[Short descriptive text snippets]
"""
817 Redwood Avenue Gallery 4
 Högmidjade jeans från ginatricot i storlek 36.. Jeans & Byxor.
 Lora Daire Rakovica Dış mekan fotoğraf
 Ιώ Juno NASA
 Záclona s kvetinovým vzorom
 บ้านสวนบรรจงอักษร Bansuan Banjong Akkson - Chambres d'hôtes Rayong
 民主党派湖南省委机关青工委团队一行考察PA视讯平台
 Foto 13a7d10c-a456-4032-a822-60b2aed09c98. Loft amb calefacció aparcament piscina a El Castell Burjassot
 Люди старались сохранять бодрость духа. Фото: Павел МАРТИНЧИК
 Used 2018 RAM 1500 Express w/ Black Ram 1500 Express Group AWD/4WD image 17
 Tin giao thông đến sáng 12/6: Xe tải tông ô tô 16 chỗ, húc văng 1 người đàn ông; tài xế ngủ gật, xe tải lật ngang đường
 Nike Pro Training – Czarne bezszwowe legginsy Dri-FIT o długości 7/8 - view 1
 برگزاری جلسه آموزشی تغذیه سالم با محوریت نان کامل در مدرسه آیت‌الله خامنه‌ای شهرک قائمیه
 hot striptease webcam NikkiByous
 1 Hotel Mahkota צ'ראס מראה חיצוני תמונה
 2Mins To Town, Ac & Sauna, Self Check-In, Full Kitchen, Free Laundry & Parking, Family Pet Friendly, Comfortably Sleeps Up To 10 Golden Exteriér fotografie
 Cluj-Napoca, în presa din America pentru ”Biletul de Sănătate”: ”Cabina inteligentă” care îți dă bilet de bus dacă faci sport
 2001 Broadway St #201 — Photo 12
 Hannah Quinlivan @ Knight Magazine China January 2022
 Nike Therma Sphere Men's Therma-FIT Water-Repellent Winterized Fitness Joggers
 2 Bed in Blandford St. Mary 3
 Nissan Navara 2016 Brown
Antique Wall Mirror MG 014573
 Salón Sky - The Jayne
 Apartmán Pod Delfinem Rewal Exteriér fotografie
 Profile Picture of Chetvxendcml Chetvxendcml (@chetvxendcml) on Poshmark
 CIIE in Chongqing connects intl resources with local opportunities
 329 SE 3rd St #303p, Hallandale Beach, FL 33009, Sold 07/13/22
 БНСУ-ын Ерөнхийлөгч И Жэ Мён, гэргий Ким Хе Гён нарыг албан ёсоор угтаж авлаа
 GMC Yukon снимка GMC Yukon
"""
▶ _ASSIGNED TASK_:
Ascertain the number of lines in the entries that include the word "Nike", and report only that number.

▶ _REPLY TO THE TASK_:
2